Stacy Godnick, Senior Assistant Dean of the College and longtime colleague of Wells, wrote in an email interview, “She is even-tempered and treats all colleagues, regardless of rank, equally and humanely. She is thoughtful and never rushes to judgment. The glass is always half-full for Linda. In fact, I am fond of saying that Linda goes from ‘yes’ to ‘no,’ meaning that her natural response to a request is ‘why not?’ She has always been open to new ideas.”
Professor Sweeting added on the subject: “She is a superb educational leader who constantly pushes us (in the gentlest ways) toward creating a more dynamic learning environment for our students.”
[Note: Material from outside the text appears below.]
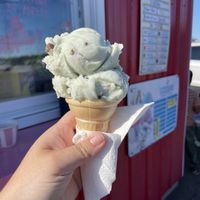   at Rosie's Ice Cream in Shediac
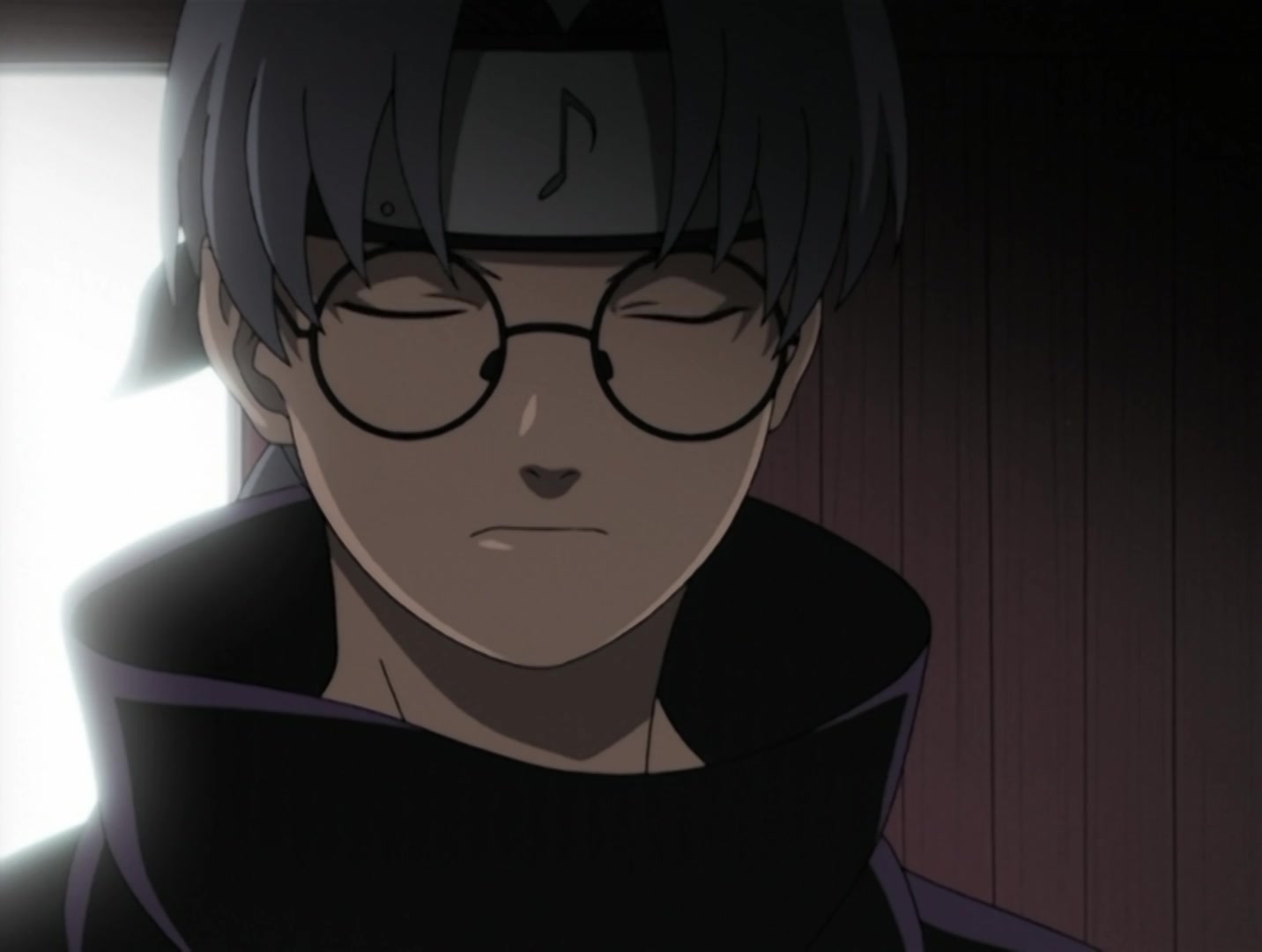 Naruto Ep 88: Focal Point: The Mark of the Leaf @ 03:10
Given all of this praise, finding a satisfactory replacement for Linda Wells will no doubt be a challenging task. A Dean Search Advisory Committee was formed last fall to recommend to President Brown a suitable candidate for the College of General Studies Deanship. The committee has “examined the vitae of a dozen applicants,” and committee head James Shanahan, Associate Dean and Professor at the College of Communication, says that “the search committee has selected a group of four candidates to visit campus soon.” The committee hopes to name the successor by July 1.
“I just wish the best for the person,” says Wells. “I really hope that the next dean will be able to preserve the best of what we have here–around camaraderie, collegiality, shared decision-making…. But I also hope the person has some new ideas.”
“I really think that in the 21st century, the next dean is going to need to think really creatively about what does it means to offer a university education,” she adds.
Though she’s stepping down, Wells isn’t leaving BU. Following a year-long sabbatical, in which she will ease out of the Deanship’s rapid pace by spending time with family and friends, concentrating on her research interests, and (of course) reading, Wells will return to BU in a yet-unnamed role at the Center for Career Development. In this role, Wells will combine her research interest in “the world of work,” her deep network of connections, and personal wisdom to mentor primarily undergrads but also alumni in career-related areas. In fact, Wells doesn’t even view her departure from the Deanship as stepping down. She thinks of it as “moving from one room to another room.”
When asked to select an object in her office that she believes best represents her, Wells instantly chooses a rustic schoolmarm’s bell that sits atop some antique books. Resonating with the items’ affiliations with education (in addition to their aged nature, she added), she expresses how teaching and reading have always been aspects of her life. I find the choice of items quite fitting, but for another reason. Whether it is as the professor who kindly left students with some advice in their last semesters, or a colleague who showed a new faculty member the ropes in their first couple weeks, or a boss who saw something in someone that no one else did, the many impressions Linda Wells has made on CGS and the Boston University community ring like a brass bell in numerous individuals, and they will last like classic stories.